To Ensure Good Customer Relationships, Don't Forget the Human Touch

By Deborah L. Vence

Companies that only depend on marketing technologies to strengthen their customer relationships risk losing big.

This, according to research from Bain & Company, a global management consulting firm based in Boston, which indicated that the rush to invest in new technologies—designed to boost the return on investment (ROI) of a single purchase or channel—often misses the basic and more important goal of identifying target customers, what they're worth to the firm and how they behave.

A survey of about 500 companies by Bain & Company was detailed in a new brief, "Customer Lifetime Value: A Better Compass to Guide Your Marketing Automation," which found that marketing leaders exhibit a few characteristics that set them apart from the bottom 25 percent of companies.

For instance, the leaders are:

  • 3.5 times more likely to embed employees in marketing who specifically focus on understanding the customer's journey.
  • 1.9 times more likely to align their strategy with customer needs rather than channel needs.
  • 1.9 times more likely to scrutinize customer lifetime value in addition to more traditional last-touch metrics such as ROI, customer acquisition cost and click-through rate.

Laura Beaudin, who leads Bain's Marketing Excellence work, stated, "Marketers know there is tremendous financial benefit in creating more promoters among their customer base. These are people who spend more with the company, stay longer and generate more referrals. But the care and feeding of these valuable customer relationships still requires a human touch."

Marketing leaders go beyond acknowledging that customer lifetime value matters; they focus their spending and staff resources accordingly. They adhere to three key steps:

  • Build smart, targeted segmentation based on a customer's overall value. Gaining a thorough understanding of the variations among customers enables marketers to gauge how much to invest in each one. Bain's research found that even minimum viable data, such as demographics, frequency of purchase and average purchase size, is sufficient to reach customers effectively. Applying a lifetime value lens also helps to identify the individual customers who merit the highest and lowest levels of investment.
  • Use technology to develop a deeper understanding of customers' priorities and how best to address them. After a company has built a smart segmentation scheme, the next task is to determine how best to connect with target customers at a personal level. Marketers have to understand an individual's needs and wants throughout the entire journey—from product awareness to research to purchase across hundreds of online and offline touchpoints and various channels. New technologies can help marketers fill out the picture of how people behave before they make a purchase.
  • Develop data-driven hypotheses about which technologies to use in order to acquire and retain customers. Once a company has identified which high-value customers to address, defined their lifetime value and drawn a profile of their priorities, the marketing leaders then can make informed hypotheses on which media levers to test first. Knowing people's shopping history, location, media preferences and some of their expressed views would be enough information, for example, to push marketing messages to certain websites on their cell phones during their morning train commute.

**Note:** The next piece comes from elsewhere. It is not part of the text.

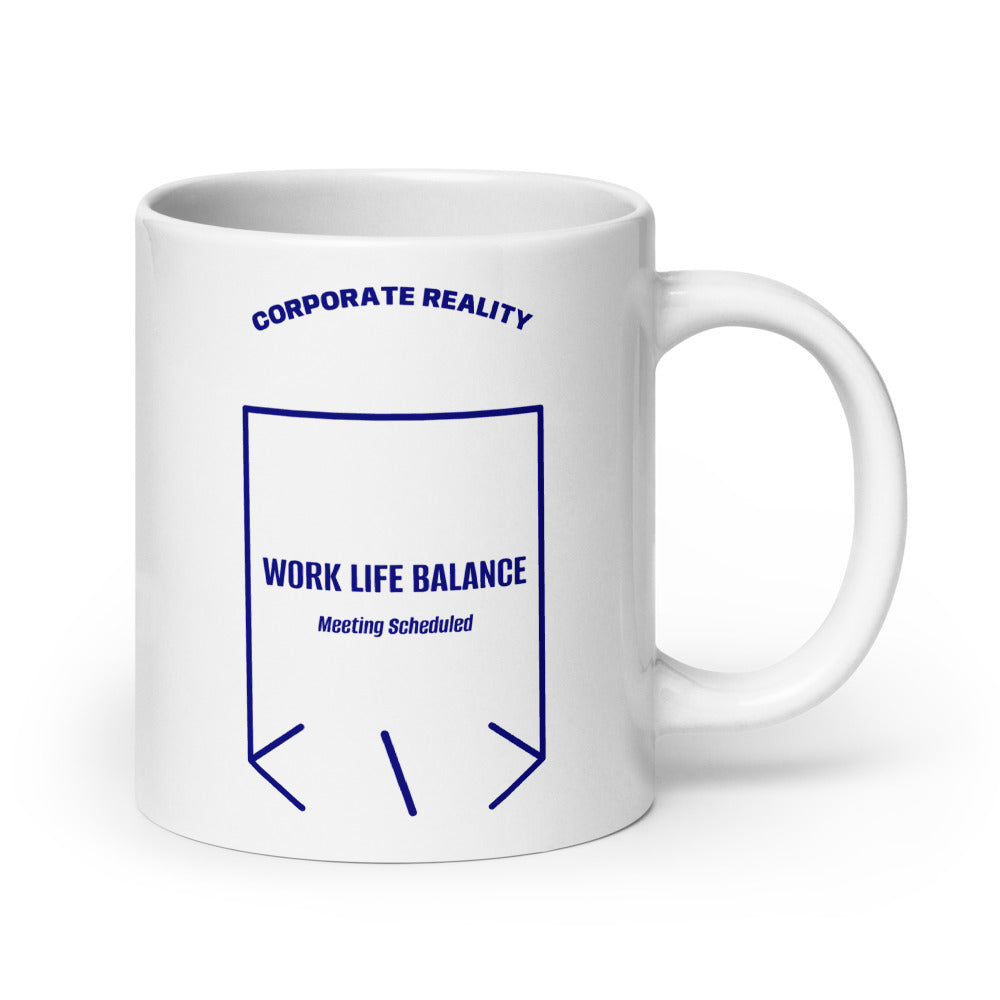 Work Life Balance — White Navy back mockup (20 oz)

"As marketers adopt increasingly powerful artificial intelligence tools—whether for one-to-one or segment marketing—they will want to direct those tools and related ROI metrics to deepening customer relationships," said Brian Dennehy, expert vice president in Bain's Customer Strategy & Marketing Practice. "Marketers who utilize their machines and metrics as well as their minds to improve customer lifetime value create an even greater advantage—the ability to prioritize enduring customer relationships over immediate channel results or a single transaction value."

What's more, there is value in using rewards as part of maintaining customer loyalty, too. A February 2017 Bain & Company brief, "Turning Rewards Into Loyalty," stated that "Successful rewards programs reach a high return on investment by building loyalty through customers who stay longer, buy more, cost less to serve and recommend the company to others—all combining to increase the customer's lifetime value."